Exercise:
Each line in the listing is to be restated exactly.

Record extracts:

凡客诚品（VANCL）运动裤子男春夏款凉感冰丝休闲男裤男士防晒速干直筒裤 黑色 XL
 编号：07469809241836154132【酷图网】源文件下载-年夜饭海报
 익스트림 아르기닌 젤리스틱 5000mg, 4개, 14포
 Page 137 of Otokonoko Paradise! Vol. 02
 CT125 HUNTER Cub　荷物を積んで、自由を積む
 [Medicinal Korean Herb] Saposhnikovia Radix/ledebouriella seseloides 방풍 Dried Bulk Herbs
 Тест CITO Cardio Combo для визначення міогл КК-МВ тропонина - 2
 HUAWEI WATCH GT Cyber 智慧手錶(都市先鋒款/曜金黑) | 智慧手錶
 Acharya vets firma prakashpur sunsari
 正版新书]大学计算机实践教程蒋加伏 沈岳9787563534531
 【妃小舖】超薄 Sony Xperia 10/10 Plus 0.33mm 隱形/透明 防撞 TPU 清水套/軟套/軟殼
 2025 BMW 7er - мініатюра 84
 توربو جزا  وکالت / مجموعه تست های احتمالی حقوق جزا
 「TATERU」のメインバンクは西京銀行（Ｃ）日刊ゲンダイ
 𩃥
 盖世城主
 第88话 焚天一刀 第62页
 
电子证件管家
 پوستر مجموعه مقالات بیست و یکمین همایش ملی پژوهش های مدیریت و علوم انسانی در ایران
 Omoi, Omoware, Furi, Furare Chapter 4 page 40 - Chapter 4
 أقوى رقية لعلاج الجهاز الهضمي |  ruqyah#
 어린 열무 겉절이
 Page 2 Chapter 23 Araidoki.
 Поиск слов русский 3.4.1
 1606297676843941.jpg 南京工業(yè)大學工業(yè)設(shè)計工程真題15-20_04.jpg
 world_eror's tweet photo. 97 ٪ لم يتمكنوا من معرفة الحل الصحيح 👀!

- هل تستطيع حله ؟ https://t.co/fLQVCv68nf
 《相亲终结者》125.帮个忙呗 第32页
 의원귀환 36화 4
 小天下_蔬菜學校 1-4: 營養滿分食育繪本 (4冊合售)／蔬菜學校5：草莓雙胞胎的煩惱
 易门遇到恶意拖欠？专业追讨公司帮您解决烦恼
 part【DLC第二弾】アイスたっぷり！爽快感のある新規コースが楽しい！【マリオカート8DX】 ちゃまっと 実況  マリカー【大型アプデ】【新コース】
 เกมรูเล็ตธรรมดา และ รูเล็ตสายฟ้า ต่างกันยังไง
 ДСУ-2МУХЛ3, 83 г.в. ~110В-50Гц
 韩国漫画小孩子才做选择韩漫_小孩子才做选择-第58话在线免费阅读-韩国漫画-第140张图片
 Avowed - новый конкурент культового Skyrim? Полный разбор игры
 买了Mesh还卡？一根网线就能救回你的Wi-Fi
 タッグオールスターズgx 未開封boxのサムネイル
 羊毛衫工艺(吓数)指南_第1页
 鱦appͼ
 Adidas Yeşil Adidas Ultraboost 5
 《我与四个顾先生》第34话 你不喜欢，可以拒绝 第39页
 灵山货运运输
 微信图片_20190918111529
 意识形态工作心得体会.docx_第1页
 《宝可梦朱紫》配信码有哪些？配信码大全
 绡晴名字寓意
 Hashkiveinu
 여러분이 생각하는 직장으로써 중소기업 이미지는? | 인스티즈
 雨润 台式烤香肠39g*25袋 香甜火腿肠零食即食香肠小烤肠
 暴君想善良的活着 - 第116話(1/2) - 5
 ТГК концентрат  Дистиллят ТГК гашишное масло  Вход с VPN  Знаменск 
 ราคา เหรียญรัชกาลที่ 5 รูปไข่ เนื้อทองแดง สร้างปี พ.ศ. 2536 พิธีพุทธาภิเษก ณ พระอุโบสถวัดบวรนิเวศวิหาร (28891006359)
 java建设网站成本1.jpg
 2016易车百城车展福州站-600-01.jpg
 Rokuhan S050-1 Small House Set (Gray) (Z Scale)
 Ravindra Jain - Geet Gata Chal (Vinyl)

Written response:
凡客诚品（VANCL）运动裤子男春夏款凉感冰丝休闲男裤男士防晒速干直筒裤 黑色 XL
 编号：07469809241836154132【酷图网】源文件下载-年夜饭海报
 익스트림 아르기닌 젤리스틱 5000mg, 4개, 14포
 Page 137 of Otokonoko Paradise! Vol. 02
 CT125 HUNTER Cub　荷物を積んで、自由を積む
 [Medicinal Korean Herb] Saposhnikovia Radix/ledebouriella seseloides 방풍 Dried Bulk Herbs
 Тест CITO Cardio Combo для визначення міогл КК-МВ тропонина - 2
 HUAWEI WATCH GT Cyber 智慧手錶(都市先鋒款/曜金黑) | 智慧手錶
 Acharya vets firma prakashpur sunsari
 正版新书]大学计算机实践教程蒋加伏 沈岳9787563534531
 【妃小舖】超薄 Sony Xperia 10/10 Plus 0.33mm 隱形/透明 防撞 TPU 清水套/軟套/軟殼
 2025 BMW 7er - мініатюра 84
 توربو جزا  وکالت / مجموعه تست های احتمالی حقوق جزا
 「TATERU」のメインバンクは西京銀行（Ｃ）日刊ゲンダイ
 𩃥
 盖世城主
 第88话 焚天一刀 第62页
 
电子证件管家
 پوستر مجموعه مقالات بیست و یکمین همایش ملی پژوهش های مدیریت و علوم انسانی در ایران
 Omoi, Omoware, Furi, Furare Chapter 4 page 40 - Chapter 4
 أقوى رقية لعلاج الجهاز الهضمي |  ruqyah#
 어린 열무 겉절이
 Page 2 Chapter 23 Araidoki.
 Поиск слов русский 3.4.1
 1606297676843941.jpg 南京工業(yè)大學工業(yè)設(shè)計工程真題15-20_04.jpg
 world_eror's tweet photo. 97 ٪ لم يتمكنوا من معرفة الحل الصحيح 👀!

- هل تستطيع حله ؟ https://t.co/fLQVCv68nf
 《相亲终结者》125.帮个忙呗 第32页
 의원귀환 36화 4
 小天下_蔬菜學校 1-4: 營養滿分食育繪本 (4冊合售)／蔬菜學校5：草莓雙胞胎的煩惱
 易门遇到恶意拖欠？专业追讨公司帮您解决烦恼
 part【DLC第二弾】アイスたっぷり！爽快感のある新規コースが楽しい！【マリオカート8DX】 ちゃまっと 実況  マリカー【大型アプデ】【新コース】
 เกมรูเล็ตธรรมดา และ รูเล็ตสายฟ้า ต่างกันยังไง
 ДСУ-2МУХЛ3, 83 г.в. ~110В-50Гц
 韩国漫画小孩子才做选择韩漫_小孩子才做选择-第58话在线免费阅读-韩国漫画-第140张图片
 Avowed - новый конкурент культового Skyrim? Полный разбор игры
 买了Mesh还卡？一根网线就能救回你的Wi-Fi
 タッグオールスターズgx 未開封boxのサムネイル
 羊毛衫工艺(吓数)指南_第1页
 鱦appͼ
 Adidas Yeşil Adidas Ultraboost 5
 《我与四个顾先生》第34话 你不喜欢，可以拒绝 第39页
 灵山货运运输
 微信图片_20190918111529
 意识形态工作心得体会.docx_第1页
 《宝可梦朱紫》配信码有哪些？配信码大全
 绡晴名字寓意
 Hashkiveinu
 여러분이 생각하는 직장으로써 중소기업 이미지는? | 인스티즈
 雨润 台式烤香肠39g*25袋 香甜火腿肠零食即食香肠小烤肠
 暴君想善良的活着 - 第116話(1/2) - 5
 ТГК концентрат  Дистиллят ТГК гашишное масло  Вход с VPN  Знаменск 
 ราคา เหรียญรัชกาลที่ 5 รูปไข่ เนื้อทองแดง สร้างปี พ.ศ. 2536 พิธีพุทธาภิเษก ณ พระอุโบสถวัดบวรนิเวศวิหาร (28891006359)
 java建设网站成本1.jpg
 2016易车百城车展福州站-600-01.jpg
 Rokuhan S050-1 Small House Set (Gray) (Z Scale)
 Ravindra Jain - Geet Gata Chal (Vinyl)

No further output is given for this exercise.